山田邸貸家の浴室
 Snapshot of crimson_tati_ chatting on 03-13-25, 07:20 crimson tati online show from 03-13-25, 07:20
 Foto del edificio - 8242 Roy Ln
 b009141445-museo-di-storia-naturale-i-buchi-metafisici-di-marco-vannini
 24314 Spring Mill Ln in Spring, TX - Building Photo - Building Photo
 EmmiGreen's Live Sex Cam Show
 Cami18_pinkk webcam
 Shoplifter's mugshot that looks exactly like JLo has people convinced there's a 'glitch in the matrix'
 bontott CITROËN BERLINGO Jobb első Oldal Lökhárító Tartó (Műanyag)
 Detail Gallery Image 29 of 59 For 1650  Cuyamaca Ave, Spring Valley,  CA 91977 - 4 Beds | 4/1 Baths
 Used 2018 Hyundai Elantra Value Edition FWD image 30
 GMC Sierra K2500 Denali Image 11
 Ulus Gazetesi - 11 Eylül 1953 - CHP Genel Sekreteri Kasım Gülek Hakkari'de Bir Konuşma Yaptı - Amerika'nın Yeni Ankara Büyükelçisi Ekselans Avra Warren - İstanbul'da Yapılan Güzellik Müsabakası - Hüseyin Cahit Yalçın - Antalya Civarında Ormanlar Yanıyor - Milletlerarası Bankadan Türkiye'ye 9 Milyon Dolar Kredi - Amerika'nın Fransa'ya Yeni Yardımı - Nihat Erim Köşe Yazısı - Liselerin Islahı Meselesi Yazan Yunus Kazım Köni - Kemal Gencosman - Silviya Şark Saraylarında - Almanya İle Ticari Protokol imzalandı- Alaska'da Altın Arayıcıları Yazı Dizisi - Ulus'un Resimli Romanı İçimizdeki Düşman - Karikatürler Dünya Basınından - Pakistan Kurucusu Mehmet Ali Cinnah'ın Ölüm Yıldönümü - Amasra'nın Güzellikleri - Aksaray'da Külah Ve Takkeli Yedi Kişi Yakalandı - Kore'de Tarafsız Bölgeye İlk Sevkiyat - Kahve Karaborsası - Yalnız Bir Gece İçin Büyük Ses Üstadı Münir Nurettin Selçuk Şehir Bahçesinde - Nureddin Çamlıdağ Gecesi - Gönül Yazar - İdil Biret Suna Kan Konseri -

+ + + + +

:: WHAT TO WORK ON ::
What you return must be an exact retyping of the lines above starting at the line with "bontott CITROËN BERLINGO" and ending at the line with "GMC Sierra K2500 Denali Image 11", and nothing besides.

:: ANSWER TO THIS EXERCISE ::
 bontott CITROËN BERLINGO Jobb első Oldal Lökhárító Tartó (Műanyag)
 Detail Gallery Image 29 of 59 For 1650  Cuyamaca Ave, Spring Valley,  CA 91977 - 4 Beds | 4/1 Baths
 Used 2018 Hyundai Elantra Value Edition FWD image 30
 GMC Sierra K2500 Denali Image 11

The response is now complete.